I had never been to Germany before but found I liked the food a lot. If you like simple, meat/mashed potatoes/cabbage type of a deal, you'll love this. Beer is awesome, goes without saying. Try Kloster Andechs, my wife had it, tastes great. In fact, they brought her a mug and two Germans sitting at a table next to ours leaned over and said the mug wasn't filled properly - it was about 3/4th beer and the rest was foam. I didn't think much of it (who cares, right?) but the guys pointed out a little measuring line on the mug itself, I guess the liquid must reach the line. Ours didn't. They summoned the waiter over, much discussion in German ensued, the waiter mumbled something but we were too tired to care. Clearly, a common scam but whatever.

On Kloster Andechs:

Rolf recommended that we go here http://www.andechs.de/index.asp?lng=en so we did. LOTS of Germans, no other tourists otherwise. The monks have been brewing beer since the 15th century and it is very highly regarded around Bavaria. Location is a bit out of the way, so if you don't have time (or a GPS), don't go. Otherwise, it's a nice tour of the German countryside and their towns.

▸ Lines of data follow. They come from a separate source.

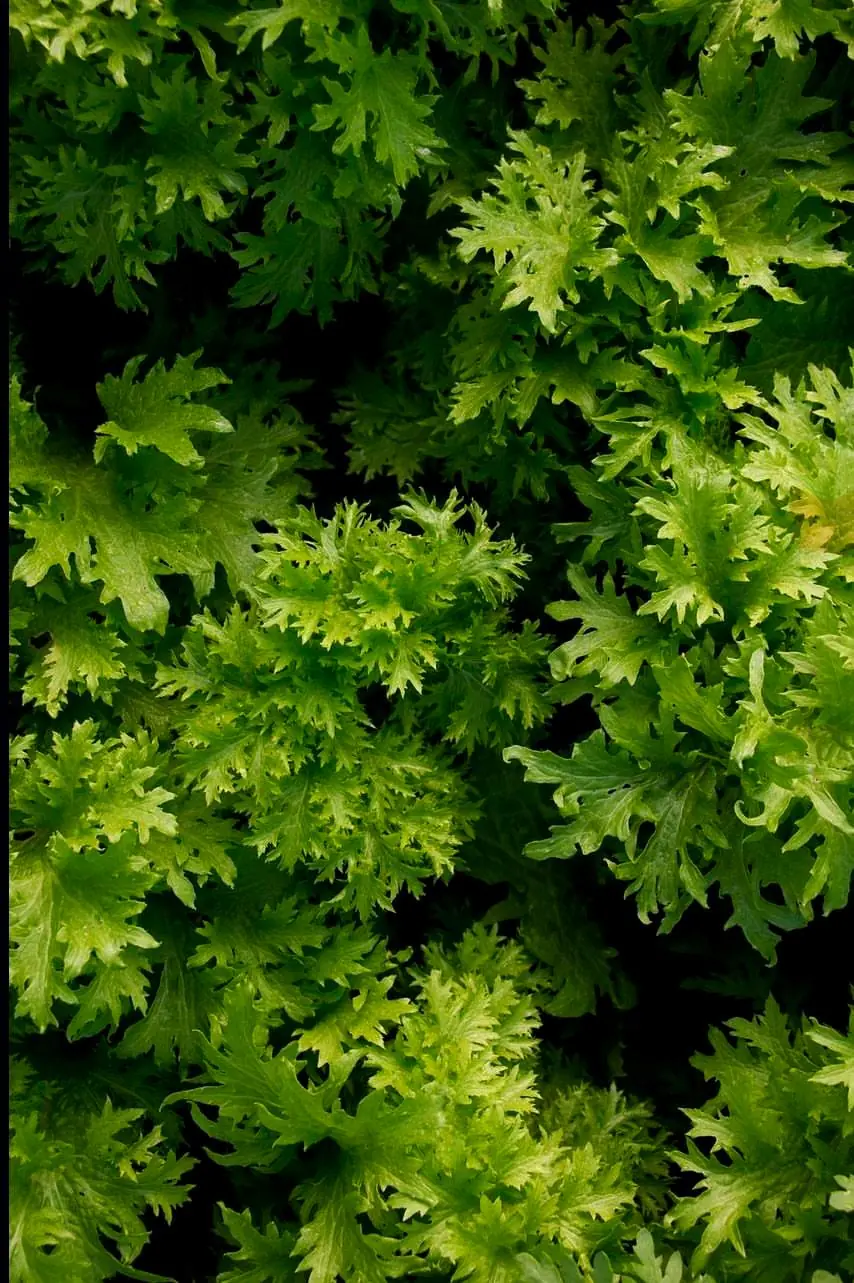 Seed Freaks - Specialty Greens: Wasabina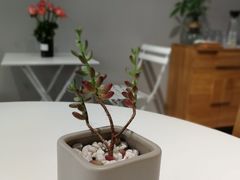 -吉森Bakery(教育路店)
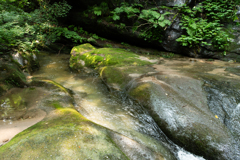 水嵩増す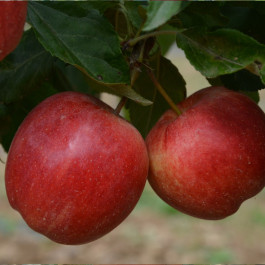 POMMIER - Malus communis 'Mondial Gala'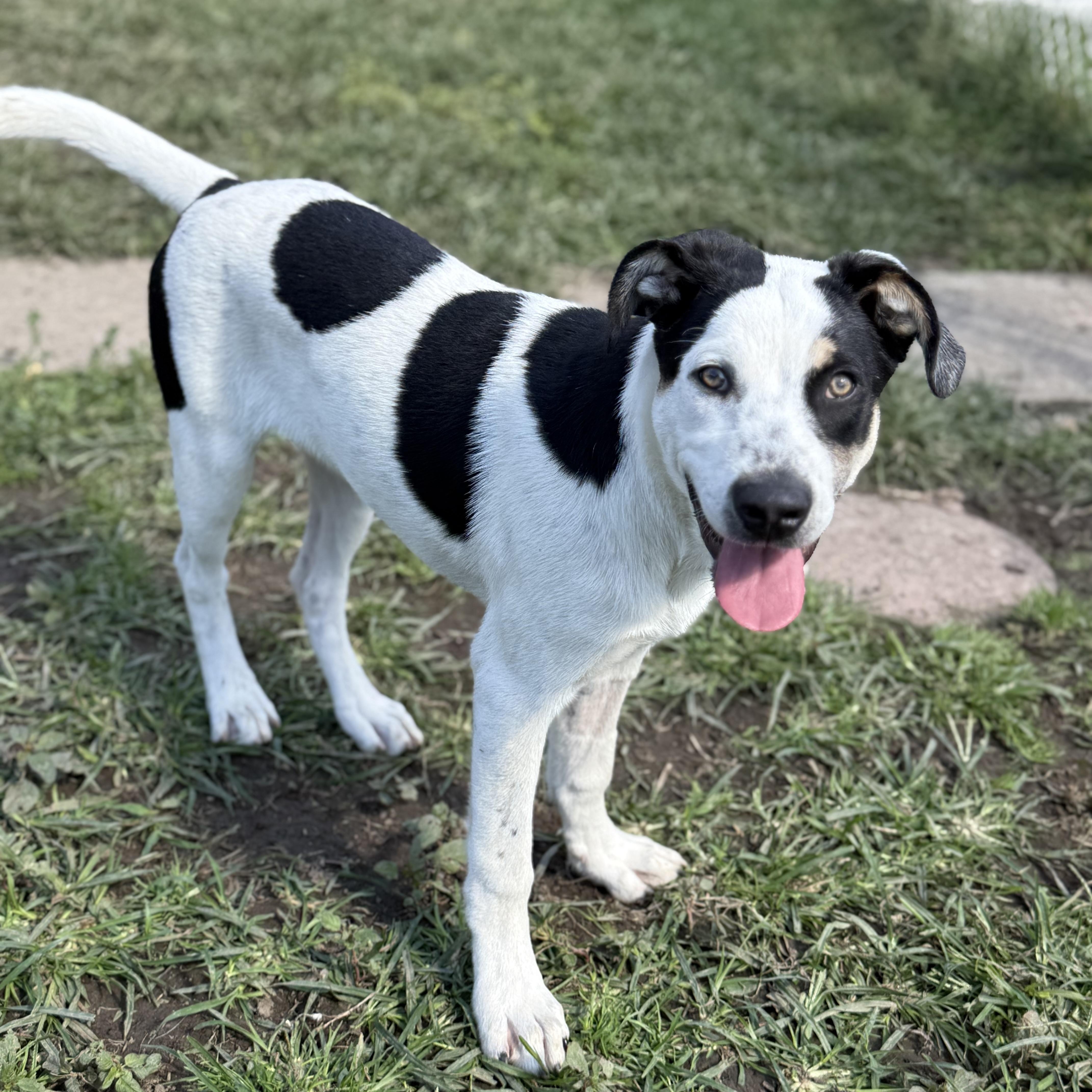 Enlarge Sterling, a Adoptable mixed breed in Glenolden, PA image 5/6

On Neuschwanstein and Linderhof:

The castles are phenomenal. You must see at least one, preferably both because they are so different. DO NOT BUY THE TICKETS ONLINE. Because turns out, you can't. What you are purchasing instead is a "reservation" that guarantees your tickets. What a scam and a waste of 20 euro. Just get in line, get your tickets and be done with it. The view from Neuschwanstein itself is breathtaking (pics later).

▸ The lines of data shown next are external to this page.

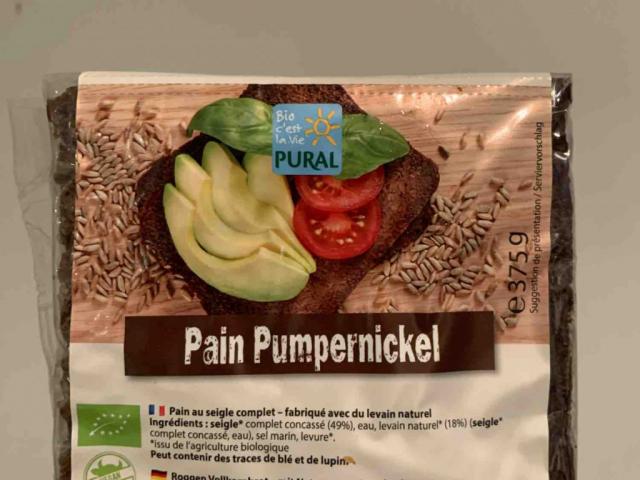 Pumpernickel by raminos | Uploaded by: raminos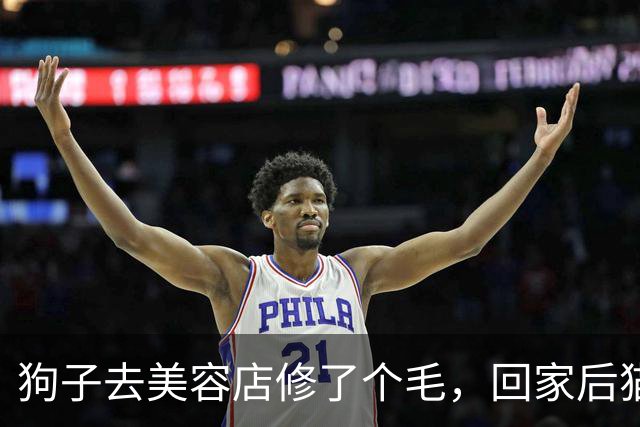 狗子去美容店修了个毛，回家后猫咪直接炸毛：这丑狗是谁？铲屎的，你接错狗了吧！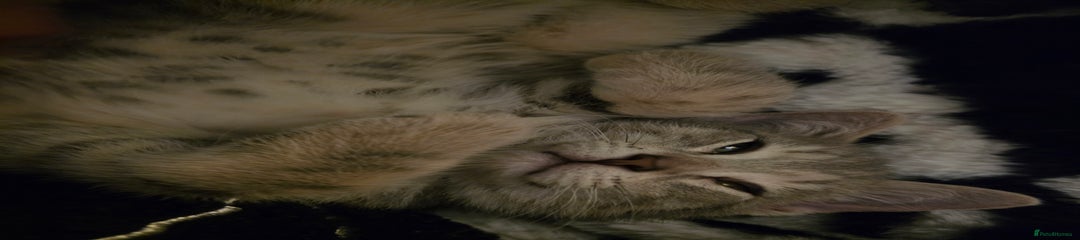 Domestic Shorthair Kitten 1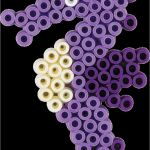 Hama Maxi Bügelperlen Vorlagen Inspiration Hama Seepferd Bügelperlenbild Vorlagen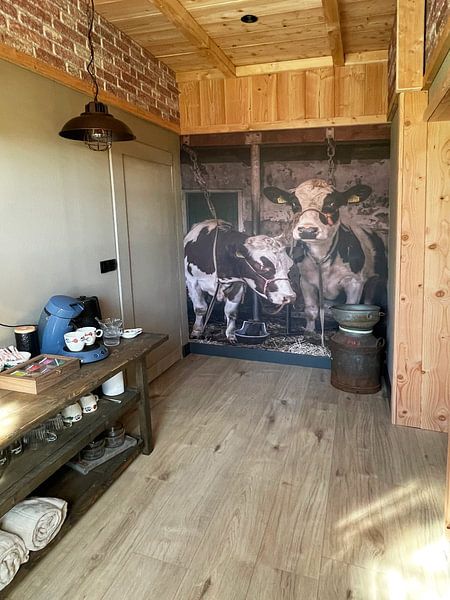 Vaches dans une ancienne étable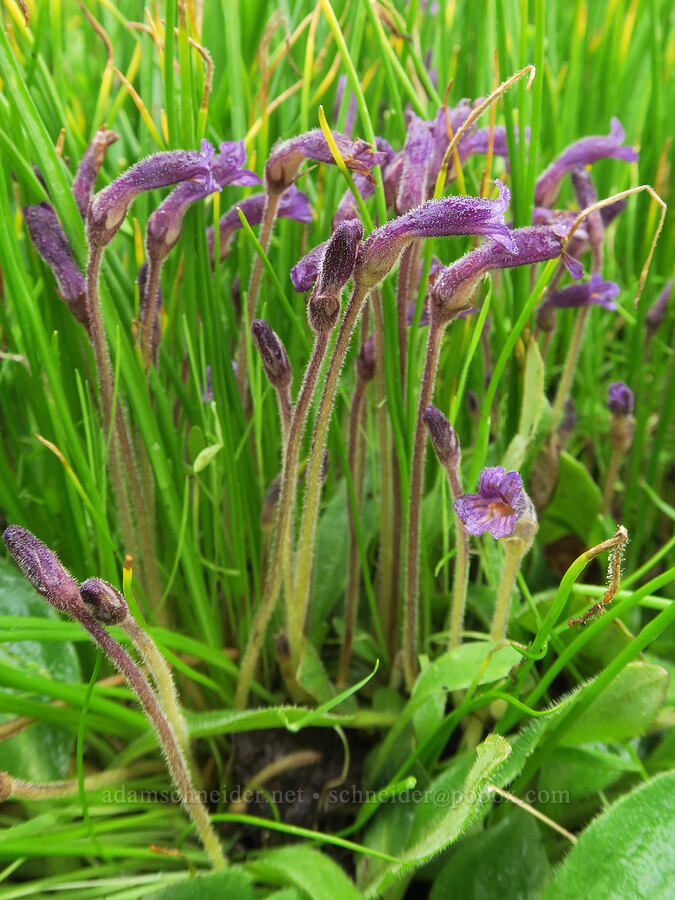 naked broomrape (Aphyllon purpureum (Orobanche uniflora)) [Liberty Hill, St. Helens, Columbia County, Oregon]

Stayed in Fussen, hotel Vital Sommers. Very nice hotel, killer location, 10mins away from the castle. Outstanding breakfast also (included.)

On St Moritz:

Oh, my dear unwashed Yankee brethren, you will think you've died and gone to heaven. Seriously. This isn't just a paradise for hikers or skiers or nature lovers, this is for everybody. It is simply unreal and no words or pictures can do its justice, you must see it for yourself. Attempting to describe it would be kinda like that time when my friend in high school sang "Let it be" for me and for the next year I thought the Beatles sucked and what's the big deal, really. Go & see it for yourself, when people rave about Switzerland, this is what they are talking about.

OK, I'm tired for now, will write more later. Pics to follow.


----------



## zoltrix (Mar 14, 2007)

a few pics..

1. Residenz hall
2. Typical german fare
3. Hohenschwangau
4. Neuchswanstein Castle (sorry, the sky is blown but such was the weather. Raining like crazy)


----------



## MB330 (Oct 18, 2005)

Very nice review! :thumbup:
No pics of the car! :thumbdwn:

Waiting for more!


----------



## Mace14 (Mar 10, 2007)

coontie said:


> Austrians: Hungary was your starter marriage, we all make mistakes, no problem. Merge with Germany instead, you won't regret it.

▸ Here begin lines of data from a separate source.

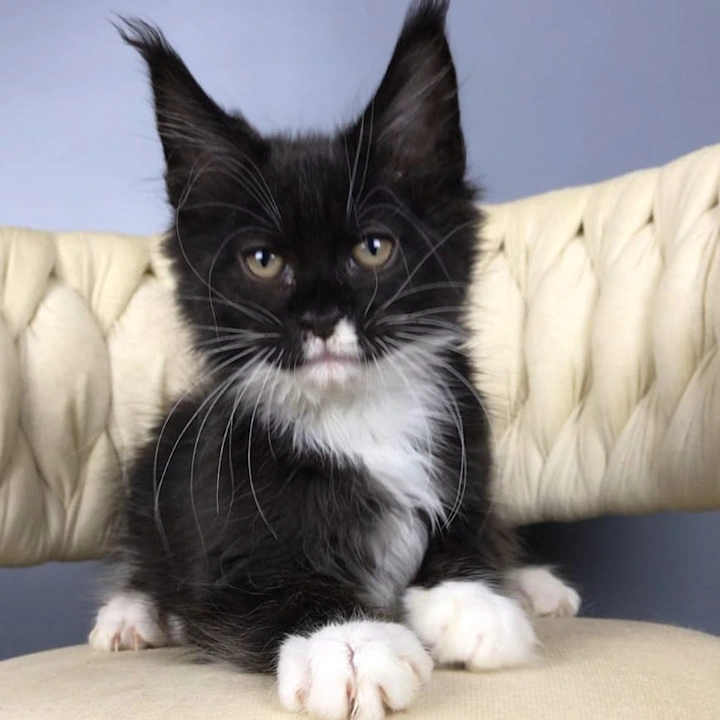 Paris Maine Coon Kittens | Kittens for sale. 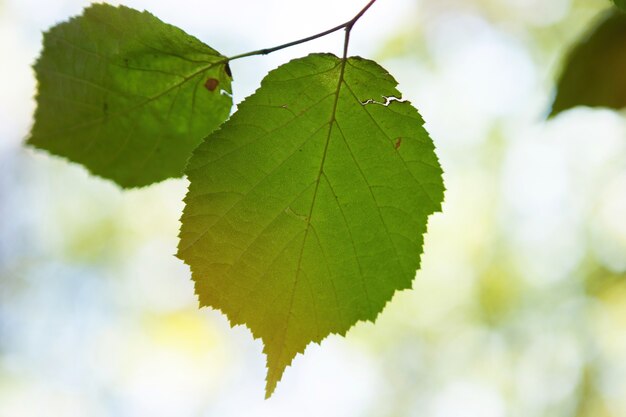 Foto fundo de folhas verdes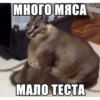 Big Floppa 24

Really nice initial report but.....you might want to check your history. I think they already tried a shotgun wedding back in '38 and it didn't work out so well.


----------



## zoltrix (Mar 14, 2007)

*St moritz pics*

1. Lake Silvaplauna, near St Moritz
2. Top of Muottas Muragl, view of Engadin Valley
3. Same mountain top, view of St Moritz airport down below
4. View from the hotel balcony, Hotel Schweizerhof


----------



## Alfred G (Apr 1, 2007)

coontie said:


> On Germany/Austria:
> 
> I'm lumping these two together because they are obviously in love and need to get married ASAP. In any rate, I couldn't figure out what the difference is between the Austrians and the Germans. They both look the same, act the same and speak the same language. Austrians: Hungary was your starter marriage, we all make mistakes, no problem. Merge with Germany instead, you won't regret it.


Hmmm, :stickpoke did you miss a certain history lesson?

We had this merger (AKA Anschluss) already once for 7 years...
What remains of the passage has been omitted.